• [EXERCISE MATERIAL]:

──────────────────────────────

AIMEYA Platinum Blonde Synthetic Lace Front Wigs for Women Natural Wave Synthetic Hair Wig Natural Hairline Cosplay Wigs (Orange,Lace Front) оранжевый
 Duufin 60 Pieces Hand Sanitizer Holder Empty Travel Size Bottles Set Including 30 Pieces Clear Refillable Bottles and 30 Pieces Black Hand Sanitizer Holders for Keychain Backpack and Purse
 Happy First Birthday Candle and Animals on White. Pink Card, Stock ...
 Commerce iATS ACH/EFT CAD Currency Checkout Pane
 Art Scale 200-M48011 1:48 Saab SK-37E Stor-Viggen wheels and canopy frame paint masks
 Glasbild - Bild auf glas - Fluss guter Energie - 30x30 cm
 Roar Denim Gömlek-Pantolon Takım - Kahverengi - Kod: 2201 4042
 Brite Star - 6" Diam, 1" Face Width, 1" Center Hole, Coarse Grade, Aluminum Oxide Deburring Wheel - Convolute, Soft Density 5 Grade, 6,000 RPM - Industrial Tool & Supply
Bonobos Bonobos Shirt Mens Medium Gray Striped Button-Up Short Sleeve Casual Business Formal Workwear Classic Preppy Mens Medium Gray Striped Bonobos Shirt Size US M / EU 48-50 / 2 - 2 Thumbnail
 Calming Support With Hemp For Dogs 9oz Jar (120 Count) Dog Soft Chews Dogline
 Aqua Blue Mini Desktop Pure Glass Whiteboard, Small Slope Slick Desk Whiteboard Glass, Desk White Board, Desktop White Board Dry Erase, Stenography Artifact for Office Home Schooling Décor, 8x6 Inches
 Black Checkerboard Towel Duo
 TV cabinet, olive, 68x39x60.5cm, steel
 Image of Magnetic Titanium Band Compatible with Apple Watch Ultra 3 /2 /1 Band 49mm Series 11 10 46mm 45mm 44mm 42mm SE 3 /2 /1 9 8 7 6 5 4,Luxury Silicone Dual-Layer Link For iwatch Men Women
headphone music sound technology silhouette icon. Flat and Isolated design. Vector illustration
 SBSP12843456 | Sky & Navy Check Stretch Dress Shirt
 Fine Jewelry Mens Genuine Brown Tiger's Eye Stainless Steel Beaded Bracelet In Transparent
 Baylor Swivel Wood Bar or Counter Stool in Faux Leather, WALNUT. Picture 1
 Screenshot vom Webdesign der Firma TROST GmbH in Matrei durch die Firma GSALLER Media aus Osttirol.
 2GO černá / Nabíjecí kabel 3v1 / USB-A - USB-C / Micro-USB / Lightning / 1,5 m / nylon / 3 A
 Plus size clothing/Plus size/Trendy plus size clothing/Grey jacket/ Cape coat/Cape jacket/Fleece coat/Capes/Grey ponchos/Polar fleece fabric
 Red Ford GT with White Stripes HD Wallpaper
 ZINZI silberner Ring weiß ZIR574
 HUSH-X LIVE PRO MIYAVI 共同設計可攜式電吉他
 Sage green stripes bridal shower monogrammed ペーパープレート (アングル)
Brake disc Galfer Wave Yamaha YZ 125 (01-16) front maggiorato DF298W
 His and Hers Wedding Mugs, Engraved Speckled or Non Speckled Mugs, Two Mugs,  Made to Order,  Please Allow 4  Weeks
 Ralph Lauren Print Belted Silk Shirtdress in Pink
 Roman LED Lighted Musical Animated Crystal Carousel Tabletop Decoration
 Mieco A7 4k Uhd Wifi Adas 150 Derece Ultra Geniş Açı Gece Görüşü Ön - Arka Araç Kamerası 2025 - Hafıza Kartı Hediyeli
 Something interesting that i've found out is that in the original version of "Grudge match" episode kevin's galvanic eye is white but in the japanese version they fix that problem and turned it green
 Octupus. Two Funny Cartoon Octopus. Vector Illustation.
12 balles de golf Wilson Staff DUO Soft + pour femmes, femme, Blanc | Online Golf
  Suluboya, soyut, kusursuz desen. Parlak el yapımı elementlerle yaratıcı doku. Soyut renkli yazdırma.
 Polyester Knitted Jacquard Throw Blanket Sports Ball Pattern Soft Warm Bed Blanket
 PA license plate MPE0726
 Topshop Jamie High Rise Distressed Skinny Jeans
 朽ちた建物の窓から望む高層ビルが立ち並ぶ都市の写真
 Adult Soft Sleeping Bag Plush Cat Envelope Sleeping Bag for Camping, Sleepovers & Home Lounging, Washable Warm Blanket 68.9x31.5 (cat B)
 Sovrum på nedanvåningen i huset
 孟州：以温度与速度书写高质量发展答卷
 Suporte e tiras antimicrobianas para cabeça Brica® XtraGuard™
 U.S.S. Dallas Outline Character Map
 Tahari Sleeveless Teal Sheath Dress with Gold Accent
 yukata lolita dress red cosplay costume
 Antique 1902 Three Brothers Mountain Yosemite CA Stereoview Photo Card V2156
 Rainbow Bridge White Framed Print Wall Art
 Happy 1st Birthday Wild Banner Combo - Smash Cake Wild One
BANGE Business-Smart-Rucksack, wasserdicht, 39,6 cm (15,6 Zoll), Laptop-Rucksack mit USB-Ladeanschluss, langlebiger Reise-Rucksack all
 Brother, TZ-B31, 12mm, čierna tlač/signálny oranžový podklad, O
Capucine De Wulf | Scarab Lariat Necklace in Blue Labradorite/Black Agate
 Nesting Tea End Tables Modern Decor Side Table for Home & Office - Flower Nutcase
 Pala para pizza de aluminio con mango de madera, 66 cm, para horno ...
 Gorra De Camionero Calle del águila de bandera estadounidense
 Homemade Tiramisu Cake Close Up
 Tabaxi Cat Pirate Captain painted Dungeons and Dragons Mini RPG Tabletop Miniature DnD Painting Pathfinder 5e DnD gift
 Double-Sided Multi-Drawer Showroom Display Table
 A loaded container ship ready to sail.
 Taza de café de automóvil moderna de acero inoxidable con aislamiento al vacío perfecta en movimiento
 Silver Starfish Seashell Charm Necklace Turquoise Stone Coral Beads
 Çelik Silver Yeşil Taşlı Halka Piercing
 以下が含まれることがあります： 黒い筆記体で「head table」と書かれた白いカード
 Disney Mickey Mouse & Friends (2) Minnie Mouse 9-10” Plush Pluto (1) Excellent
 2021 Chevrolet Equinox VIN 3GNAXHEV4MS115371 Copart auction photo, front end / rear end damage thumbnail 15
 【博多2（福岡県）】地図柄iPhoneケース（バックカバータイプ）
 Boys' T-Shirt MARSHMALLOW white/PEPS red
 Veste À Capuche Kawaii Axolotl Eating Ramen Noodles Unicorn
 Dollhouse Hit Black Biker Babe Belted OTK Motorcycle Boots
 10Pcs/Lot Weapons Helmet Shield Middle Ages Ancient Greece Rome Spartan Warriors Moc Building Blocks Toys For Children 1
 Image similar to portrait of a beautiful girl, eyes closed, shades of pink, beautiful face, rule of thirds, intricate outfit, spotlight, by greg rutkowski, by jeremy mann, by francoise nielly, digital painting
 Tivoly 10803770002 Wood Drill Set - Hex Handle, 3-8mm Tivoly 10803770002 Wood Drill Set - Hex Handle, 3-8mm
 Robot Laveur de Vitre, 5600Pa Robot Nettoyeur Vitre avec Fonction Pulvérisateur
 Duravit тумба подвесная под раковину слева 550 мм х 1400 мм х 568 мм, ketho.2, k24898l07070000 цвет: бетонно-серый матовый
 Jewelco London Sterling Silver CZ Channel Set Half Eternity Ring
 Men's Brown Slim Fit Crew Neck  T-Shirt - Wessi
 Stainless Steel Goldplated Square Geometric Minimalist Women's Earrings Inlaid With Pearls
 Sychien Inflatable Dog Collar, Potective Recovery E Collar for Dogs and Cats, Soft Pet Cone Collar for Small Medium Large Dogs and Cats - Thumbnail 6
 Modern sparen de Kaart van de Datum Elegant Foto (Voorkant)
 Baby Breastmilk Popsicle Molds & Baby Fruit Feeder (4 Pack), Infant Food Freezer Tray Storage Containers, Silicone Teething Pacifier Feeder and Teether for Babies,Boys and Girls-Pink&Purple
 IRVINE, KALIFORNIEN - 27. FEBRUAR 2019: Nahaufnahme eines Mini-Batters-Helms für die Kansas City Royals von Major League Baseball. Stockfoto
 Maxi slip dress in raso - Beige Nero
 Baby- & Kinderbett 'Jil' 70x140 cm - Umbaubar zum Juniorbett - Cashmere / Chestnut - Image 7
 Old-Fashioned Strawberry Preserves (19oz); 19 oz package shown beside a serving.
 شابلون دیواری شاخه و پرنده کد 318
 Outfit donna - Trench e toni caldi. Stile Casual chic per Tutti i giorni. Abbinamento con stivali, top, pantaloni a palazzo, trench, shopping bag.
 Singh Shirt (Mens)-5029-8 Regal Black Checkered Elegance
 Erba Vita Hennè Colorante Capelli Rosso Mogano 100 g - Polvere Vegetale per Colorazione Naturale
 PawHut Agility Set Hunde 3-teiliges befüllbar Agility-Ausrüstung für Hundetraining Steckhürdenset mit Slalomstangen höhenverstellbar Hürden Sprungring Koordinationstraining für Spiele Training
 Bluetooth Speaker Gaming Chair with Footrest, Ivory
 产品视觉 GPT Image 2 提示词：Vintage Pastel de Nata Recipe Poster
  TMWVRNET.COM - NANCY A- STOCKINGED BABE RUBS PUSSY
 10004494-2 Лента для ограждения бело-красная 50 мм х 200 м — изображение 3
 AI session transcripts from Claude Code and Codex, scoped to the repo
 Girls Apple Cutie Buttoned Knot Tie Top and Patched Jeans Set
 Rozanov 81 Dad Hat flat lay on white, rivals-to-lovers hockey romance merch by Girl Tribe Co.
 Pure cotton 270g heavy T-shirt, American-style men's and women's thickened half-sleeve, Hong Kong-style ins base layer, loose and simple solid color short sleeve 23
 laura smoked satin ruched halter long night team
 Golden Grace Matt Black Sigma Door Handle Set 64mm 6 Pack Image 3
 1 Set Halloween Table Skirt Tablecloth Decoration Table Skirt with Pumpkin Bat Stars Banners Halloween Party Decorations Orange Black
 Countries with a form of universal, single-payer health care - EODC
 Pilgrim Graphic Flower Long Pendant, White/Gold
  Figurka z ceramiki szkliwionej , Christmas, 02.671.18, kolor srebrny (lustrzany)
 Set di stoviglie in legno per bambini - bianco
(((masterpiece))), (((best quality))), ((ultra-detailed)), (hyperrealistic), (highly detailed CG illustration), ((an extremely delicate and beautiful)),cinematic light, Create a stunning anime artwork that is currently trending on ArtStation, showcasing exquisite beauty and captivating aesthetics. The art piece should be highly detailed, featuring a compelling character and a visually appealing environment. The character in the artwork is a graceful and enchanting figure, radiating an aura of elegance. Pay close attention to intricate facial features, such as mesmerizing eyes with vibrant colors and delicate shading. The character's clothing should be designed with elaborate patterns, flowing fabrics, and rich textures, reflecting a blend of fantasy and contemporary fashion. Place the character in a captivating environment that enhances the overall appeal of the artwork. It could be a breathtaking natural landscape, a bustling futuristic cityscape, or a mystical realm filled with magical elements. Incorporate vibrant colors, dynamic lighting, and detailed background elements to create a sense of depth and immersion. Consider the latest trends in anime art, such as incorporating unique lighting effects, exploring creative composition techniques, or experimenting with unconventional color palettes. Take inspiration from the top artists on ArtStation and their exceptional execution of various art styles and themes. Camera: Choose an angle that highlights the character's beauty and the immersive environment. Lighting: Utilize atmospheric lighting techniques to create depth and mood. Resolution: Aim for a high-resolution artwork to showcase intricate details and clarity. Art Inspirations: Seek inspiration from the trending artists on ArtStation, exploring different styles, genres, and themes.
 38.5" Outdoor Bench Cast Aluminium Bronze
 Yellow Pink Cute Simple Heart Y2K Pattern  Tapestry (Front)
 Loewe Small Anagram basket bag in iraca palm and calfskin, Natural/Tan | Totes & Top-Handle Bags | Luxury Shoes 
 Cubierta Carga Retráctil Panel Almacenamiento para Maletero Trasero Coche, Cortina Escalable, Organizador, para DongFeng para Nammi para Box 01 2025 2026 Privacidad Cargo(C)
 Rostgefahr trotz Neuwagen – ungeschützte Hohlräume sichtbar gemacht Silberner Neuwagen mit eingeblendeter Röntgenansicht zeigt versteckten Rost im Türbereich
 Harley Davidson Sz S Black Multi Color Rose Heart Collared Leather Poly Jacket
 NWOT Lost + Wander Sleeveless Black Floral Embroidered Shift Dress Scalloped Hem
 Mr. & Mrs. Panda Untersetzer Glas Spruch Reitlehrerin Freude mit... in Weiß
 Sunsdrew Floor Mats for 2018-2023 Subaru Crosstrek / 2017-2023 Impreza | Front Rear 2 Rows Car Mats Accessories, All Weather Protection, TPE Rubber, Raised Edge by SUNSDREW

──────────────────────────────

• [BRIEF]: From the listing above, the lines starting with the one that has "Figurka z ceramiki" and running through the one that has "Set di stoviglie" should be copied exactly, ends included.

• [RESULT OF THIS EXERCISE]:
  Figurka z ceramiki szkliwionej , Christmas, 02.671.18, kolor srebrny (lustrzany)
 Set di stoviglie in legno per bambini - bianco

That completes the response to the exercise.